### Exercise aim
The answer is every line in the data below that contains the word "Page".

+++ Given information +++

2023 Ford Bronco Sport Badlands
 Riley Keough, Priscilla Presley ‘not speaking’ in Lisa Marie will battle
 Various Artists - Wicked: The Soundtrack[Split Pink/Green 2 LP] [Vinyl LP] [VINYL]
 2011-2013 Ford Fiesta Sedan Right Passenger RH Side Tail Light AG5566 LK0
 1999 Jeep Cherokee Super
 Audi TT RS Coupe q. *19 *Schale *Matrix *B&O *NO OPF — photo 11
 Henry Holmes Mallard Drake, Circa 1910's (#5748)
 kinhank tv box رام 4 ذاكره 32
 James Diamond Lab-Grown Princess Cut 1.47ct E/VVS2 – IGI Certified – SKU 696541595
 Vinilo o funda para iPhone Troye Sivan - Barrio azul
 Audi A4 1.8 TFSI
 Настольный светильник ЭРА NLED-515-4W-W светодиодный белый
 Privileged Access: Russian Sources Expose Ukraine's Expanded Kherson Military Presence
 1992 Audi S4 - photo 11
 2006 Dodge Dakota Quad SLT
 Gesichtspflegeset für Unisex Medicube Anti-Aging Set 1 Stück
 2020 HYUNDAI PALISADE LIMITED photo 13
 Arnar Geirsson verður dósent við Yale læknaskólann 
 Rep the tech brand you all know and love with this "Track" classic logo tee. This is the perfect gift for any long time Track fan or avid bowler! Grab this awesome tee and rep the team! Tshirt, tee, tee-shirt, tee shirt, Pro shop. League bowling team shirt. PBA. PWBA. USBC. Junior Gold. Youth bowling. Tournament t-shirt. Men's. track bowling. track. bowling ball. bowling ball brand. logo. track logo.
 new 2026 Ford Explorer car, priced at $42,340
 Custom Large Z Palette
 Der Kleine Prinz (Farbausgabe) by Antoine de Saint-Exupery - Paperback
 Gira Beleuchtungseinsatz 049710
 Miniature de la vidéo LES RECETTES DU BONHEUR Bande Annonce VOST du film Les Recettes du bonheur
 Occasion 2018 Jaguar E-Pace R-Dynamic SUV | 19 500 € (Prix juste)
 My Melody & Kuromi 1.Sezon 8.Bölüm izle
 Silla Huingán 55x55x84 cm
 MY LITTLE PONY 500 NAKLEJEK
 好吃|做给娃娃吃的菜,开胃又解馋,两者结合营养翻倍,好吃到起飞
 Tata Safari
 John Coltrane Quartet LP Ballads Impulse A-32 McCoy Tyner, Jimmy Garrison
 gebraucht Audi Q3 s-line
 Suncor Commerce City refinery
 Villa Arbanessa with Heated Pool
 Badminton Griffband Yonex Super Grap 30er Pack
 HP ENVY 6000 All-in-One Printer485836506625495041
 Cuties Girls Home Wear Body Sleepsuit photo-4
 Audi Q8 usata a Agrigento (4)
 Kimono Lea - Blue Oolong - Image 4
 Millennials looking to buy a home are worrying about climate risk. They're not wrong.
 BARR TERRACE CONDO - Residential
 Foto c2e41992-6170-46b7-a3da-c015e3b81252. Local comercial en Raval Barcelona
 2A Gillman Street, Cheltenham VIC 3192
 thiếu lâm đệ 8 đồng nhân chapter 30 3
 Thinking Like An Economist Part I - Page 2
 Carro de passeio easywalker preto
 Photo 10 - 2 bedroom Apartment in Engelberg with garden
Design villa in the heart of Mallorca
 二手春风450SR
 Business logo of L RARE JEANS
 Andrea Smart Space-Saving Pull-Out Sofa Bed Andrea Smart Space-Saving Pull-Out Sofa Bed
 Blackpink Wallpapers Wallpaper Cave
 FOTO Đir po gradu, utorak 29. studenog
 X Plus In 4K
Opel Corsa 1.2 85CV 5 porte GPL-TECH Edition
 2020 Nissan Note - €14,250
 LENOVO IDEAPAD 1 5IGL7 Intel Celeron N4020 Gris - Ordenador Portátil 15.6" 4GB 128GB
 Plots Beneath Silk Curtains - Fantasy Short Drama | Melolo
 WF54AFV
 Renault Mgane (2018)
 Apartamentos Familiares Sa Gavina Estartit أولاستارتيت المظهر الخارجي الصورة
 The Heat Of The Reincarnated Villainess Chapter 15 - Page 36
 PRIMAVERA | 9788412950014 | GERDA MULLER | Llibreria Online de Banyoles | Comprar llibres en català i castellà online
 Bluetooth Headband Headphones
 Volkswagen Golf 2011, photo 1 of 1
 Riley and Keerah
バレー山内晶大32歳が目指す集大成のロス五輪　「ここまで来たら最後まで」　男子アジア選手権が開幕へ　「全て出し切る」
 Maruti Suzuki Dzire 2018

+++

### Written answer
 Thinking Like An Economist Part I - Page 2
 The Heat Of The Reincarnated Villainess Chapter 15 - Page 36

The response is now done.